Le même jour soit le 7 mai 2014, en semaine 19, la société Coriance a adressé à la société Sondex une commande n° TX140135 portant sur '48 skids' au prix et selon l'échéancier de livraison du devis, étant précisé que l'acompte de 20% devait être réglé 'à la commande après signature des pièces contractuelles par les parties et réception d'une facture'.

Un différend est né entre les parties en raison notamment de retards de livraison.

Par courriel du 31 juillet 2014, la société Sondex a proposé à la société Coriance d'établir un accord transactionnel aux termes duquel le montant de la commande serait ramené à 245.519,63 euros (43.339,82 + 153.593,99 + 48.585,82 = 245.519,63) au lieu des 340.000 euros initialement convenus (donc une diminution du prix, ou moins-value selon les termes de la société Sondeix, de 94.480 euros), étant précisé que sur le nouveau prix de 245.519,63 la société Sondex appliquait une remise de 5% soit un montant final de 233.244 euros (donc une diminution du prix de 106.756 euros) .

Par courriel du même jour, la société Coriance a répondu qu'elle ne donnait pas son accord à cette proposition, indiquant que les points en litige seraient discutés lors de leur réunion la semaine suivante.

Par courrier du 23 octobre 2014, la société Sondex France a mis en demeure la société Coriance de lui régler la somme de 189.213,19 euros au titre de factures restées impayées.

La société Coriance a refusé de régler cette somme aux motifs d'importants retards de livraison et d'inexécutions contractuelles.

Par acte d'huissier du 8 juillet 2016, la société Sondex a assigné la société Coriance devant le tribunal de commerce de Lyon en règlement de ses factures et en réparation de son préjudice.

Par transmission universelle du patrimoine de la société Sondex à la Sarl Danfoss (son associé unique) du 6 juillet 2018, celle-ci est venue aux droits de la demanderesse.

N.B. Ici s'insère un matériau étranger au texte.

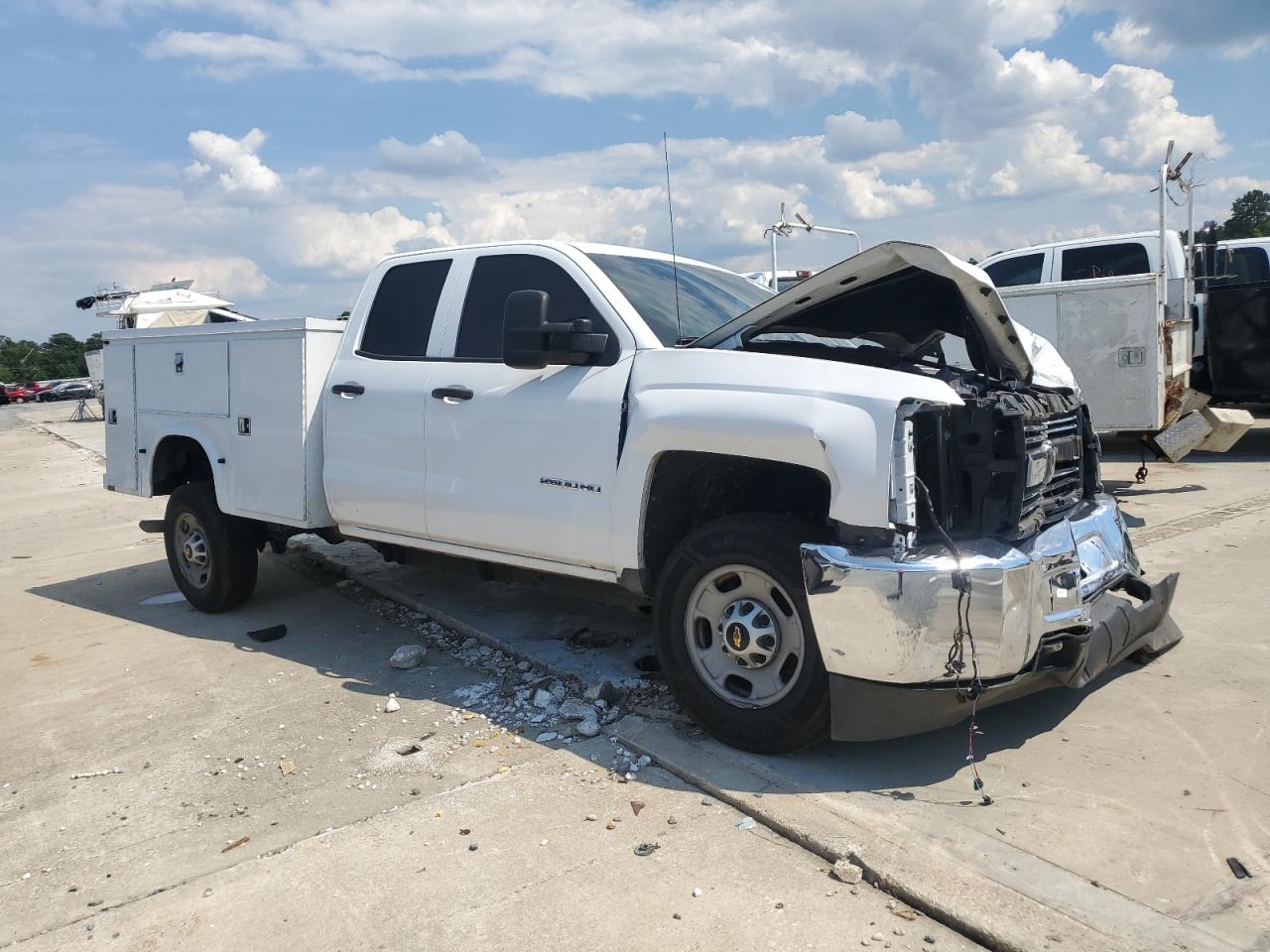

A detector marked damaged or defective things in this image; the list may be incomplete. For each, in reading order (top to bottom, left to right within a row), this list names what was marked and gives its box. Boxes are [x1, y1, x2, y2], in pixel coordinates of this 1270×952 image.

Par jugement contradictoire du 14 janvier 2019, le tribunal de commerce de Lyon a :

- condamné la société Coriance à payer à la société Sondex la somme de 141.920 euros HT outre intérêt légal à compter du 23 octobre 2014,

- débouté la société Sondex de ses demandes de dommages-intérêts pour exécution de mauvaise foi du contrat et préjudice commercial subi,

- rejeté la demande de la société Coriance concernant la facturation des travaux réalisés par les entreprises sous-traitantes,

- rejeté la demande en dommages-intérêts de la société Coriance pour abus du droit à agir de la société Sondex,

- rejeté comme non fondés tous autres moyens, fins et conclusions contraires des parties,

- ordonné l'exécution provisoire de la présente décision nonobstant appel et sans caution,

- dit qu'il n'y a pas lieu à condamnation en application de l'article 700 du code de procédure civile,

- dit que les dépens seront partagés par moitié entre les parties.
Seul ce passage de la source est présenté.